_Task statement_:
For the data below, restate word for word only the lines from the line containing "Las comunidades refuerzan" through the line containing "Zdjęcie oferty: Mała latarka z zoomem na USB", both ends included.

Dataset items
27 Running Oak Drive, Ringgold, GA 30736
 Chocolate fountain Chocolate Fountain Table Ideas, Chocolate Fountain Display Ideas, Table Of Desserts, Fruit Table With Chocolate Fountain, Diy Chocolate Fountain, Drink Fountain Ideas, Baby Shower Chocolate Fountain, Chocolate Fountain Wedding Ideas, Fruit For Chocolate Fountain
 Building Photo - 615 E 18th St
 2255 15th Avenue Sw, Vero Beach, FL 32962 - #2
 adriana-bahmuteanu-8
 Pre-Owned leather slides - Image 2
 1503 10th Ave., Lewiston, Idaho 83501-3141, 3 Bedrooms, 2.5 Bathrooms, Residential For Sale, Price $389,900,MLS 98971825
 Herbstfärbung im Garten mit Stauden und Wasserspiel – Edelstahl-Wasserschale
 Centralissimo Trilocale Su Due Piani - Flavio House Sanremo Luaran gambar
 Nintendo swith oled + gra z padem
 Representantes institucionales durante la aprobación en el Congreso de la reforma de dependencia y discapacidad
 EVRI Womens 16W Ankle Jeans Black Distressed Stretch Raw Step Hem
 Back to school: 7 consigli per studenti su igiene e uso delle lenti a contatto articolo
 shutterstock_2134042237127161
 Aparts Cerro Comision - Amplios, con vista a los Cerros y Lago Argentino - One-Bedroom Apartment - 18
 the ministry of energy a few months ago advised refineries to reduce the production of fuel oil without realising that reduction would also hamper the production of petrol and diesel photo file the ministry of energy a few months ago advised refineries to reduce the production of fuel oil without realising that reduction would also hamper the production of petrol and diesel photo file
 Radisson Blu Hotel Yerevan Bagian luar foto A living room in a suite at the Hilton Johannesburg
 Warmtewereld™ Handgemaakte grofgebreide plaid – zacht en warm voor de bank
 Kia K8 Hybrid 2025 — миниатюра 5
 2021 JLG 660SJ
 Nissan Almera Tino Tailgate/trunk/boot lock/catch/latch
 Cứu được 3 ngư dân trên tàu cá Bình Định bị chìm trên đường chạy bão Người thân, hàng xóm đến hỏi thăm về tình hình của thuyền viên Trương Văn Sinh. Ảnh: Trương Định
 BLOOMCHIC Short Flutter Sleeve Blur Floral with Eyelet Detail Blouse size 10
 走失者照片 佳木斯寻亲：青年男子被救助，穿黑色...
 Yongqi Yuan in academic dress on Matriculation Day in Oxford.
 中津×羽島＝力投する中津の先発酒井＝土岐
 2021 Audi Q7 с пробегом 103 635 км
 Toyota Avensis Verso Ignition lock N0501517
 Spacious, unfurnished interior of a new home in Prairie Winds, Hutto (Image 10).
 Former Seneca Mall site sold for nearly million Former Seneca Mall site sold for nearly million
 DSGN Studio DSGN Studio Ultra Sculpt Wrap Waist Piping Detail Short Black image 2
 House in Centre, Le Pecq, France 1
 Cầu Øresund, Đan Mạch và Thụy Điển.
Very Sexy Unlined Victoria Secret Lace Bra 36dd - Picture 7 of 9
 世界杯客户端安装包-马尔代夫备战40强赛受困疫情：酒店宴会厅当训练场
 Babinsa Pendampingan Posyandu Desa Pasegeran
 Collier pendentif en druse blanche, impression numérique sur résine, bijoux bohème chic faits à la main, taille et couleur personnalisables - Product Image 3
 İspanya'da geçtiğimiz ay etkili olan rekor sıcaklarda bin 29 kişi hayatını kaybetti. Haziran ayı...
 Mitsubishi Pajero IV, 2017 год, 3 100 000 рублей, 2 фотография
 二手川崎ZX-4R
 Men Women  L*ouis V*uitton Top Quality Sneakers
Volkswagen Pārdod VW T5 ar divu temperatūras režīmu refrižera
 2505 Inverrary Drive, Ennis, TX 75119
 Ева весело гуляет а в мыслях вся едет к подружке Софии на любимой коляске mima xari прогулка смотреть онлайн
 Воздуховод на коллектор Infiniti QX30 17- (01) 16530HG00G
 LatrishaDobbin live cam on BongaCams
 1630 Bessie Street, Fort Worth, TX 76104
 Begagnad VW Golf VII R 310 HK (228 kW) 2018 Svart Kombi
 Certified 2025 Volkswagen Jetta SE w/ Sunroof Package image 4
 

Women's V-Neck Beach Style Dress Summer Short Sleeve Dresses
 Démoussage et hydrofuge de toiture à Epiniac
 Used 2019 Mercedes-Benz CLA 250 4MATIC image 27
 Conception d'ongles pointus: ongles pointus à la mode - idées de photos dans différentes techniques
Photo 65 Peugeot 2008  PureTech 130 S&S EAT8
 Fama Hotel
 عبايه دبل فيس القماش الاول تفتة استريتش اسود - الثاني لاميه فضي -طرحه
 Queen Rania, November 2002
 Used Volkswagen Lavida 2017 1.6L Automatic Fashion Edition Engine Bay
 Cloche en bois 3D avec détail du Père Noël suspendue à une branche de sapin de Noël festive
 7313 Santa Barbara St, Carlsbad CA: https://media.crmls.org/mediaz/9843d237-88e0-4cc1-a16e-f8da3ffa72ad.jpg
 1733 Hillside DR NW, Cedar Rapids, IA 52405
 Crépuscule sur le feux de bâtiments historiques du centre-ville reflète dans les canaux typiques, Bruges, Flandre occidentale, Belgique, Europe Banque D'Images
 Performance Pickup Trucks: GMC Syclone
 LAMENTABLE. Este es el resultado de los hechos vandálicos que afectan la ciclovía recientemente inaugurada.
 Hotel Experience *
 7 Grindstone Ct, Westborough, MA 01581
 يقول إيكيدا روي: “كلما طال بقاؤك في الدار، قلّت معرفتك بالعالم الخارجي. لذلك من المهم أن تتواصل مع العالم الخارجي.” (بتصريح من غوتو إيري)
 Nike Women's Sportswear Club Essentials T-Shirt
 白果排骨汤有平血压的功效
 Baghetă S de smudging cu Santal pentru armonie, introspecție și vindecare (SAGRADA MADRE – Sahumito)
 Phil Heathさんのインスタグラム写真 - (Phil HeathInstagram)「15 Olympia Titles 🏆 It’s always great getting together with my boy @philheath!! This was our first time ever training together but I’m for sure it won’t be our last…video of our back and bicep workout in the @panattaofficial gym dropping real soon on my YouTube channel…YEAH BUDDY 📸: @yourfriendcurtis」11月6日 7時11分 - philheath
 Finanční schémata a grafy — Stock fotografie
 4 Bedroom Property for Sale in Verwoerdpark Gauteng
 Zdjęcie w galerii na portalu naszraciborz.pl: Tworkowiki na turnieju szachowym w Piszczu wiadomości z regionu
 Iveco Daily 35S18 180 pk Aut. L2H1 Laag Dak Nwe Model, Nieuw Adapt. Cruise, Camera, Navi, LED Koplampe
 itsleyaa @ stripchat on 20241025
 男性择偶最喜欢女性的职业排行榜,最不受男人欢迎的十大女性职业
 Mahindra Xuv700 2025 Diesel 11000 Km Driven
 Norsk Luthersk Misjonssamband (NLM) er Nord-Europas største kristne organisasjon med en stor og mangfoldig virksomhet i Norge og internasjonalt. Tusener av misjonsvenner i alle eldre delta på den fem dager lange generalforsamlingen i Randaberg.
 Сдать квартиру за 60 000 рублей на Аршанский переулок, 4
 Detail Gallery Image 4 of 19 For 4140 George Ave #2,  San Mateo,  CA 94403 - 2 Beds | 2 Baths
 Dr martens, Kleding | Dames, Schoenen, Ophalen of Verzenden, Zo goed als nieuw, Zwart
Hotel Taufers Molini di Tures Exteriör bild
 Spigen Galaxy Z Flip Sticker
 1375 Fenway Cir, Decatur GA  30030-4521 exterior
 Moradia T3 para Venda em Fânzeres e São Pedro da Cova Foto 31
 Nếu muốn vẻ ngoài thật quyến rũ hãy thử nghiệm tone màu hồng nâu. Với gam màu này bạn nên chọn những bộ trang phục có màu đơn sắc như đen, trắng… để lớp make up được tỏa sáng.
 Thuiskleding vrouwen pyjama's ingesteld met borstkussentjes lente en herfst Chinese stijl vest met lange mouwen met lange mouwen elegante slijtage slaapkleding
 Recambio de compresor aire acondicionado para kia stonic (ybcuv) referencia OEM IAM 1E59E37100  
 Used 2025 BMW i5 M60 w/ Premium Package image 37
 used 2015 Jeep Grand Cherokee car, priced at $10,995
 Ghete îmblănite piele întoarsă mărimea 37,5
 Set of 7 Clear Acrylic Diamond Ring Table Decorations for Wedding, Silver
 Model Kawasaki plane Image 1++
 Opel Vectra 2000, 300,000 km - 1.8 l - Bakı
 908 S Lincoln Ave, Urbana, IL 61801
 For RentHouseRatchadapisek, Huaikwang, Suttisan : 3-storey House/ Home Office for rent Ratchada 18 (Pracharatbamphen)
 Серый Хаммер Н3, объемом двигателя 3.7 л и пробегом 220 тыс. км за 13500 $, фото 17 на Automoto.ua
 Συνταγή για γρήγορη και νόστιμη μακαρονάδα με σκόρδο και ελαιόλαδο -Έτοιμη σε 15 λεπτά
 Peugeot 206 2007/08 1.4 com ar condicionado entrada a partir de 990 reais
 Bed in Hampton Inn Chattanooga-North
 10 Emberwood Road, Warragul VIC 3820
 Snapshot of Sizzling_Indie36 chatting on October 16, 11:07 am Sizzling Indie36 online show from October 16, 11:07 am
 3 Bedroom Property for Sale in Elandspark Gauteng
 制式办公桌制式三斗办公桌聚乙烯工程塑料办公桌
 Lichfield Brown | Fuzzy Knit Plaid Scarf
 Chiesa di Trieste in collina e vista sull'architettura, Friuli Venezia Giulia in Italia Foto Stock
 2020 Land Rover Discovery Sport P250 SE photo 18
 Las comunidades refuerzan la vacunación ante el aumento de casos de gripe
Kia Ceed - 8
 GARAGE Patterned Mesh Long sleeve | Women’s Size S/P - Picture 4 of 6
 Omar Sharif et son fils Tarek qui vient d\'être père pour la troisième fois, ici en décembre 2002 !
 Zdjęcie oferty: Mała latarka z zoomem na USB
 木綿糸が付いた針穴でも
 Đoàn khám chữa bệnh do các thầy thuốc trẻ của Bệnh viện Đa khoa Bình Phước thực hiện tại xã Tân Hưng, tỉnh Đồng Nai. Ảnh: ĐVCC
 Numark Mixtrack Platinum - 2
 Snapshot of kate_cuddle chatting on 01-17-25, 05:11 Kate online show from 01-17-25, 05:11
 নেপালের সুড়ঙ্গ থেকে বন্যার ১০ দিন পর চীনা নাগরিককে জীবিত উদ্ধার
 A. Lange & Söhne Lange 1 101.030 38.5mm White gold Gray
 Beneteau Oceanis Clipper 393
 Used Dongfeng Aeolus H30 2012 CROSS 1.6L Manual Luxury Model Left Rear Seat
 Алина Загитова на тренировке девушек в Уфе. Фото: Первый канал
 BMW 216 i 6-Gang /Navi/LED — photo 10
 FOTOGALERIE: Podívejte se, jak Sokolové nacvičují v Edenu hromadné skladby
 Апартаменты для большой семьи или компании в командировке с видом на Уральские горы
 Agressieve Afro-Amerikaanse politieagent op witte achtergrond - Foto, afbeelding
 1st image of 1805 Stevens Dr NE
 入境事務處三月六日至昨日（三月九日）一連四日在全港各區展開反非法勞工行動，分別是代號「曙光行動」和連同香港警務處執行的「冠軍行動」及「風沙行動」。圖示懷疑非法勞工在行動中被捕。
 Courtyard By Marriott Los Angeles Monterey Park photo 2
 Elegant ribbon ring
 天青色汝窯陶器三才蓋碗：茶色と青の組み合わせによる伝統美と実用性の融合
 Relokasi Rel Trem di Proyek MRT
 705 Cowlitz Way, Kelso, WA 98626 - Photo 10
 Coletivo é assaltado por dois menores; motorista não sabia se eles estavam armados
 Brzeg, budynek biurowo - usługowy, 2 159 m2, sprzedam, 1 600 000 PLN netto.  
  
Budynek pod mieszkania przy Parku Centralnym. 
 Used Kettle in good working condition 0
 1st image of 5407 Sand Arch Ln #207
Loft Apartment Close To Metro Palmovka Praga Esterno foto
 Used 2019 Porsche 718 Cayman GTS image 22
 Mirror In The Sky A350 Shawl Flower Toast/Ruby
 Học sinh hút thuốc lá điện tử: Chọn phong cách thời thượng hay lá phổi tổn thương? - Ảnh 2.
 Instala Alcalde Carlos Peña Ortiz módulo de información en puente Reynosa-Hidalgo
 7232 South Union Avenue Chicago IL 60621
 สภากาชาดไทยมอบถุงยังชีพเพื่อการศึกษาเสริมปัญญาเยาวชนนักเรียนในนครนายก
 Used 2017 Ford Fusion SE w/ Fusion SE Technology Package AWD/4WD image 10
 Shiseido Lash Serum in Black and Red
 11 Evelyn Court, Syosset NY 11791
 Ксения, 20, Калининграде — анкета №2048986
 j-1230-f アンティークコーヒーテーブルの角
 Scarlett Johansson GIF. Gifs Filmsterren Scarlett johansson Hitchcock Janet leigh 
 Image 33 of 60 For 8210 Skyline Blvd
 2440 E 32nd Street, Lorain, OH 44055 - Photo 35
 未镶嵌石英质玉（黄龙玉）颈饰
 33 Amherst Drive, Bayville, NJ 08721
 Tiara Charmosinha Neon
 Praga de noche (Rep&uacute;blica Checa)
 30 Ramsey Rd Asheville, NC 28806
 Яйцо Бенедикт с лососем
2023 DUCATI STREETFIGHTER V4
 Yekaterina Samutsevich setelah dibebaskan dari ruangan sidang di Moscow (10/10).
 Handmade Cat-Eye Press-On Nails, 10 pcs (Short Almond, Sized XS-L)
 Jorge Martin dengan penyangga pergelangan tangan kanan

_Answer section_:
 Las comunidades refuerzan la vacunación ante el aumento de casos de gripe
Kia Ceed - 8
 GARAGE Patterned Mesh Long sleeve | Women’s Size S/P - Picture 4 of 6
 Omar Sharif et son fils Tarek qui vient d\'être père pour la troisième fois, ici en décembre 2002 !
 Zdjęcie oferty: Mała latarka z zoomem na USB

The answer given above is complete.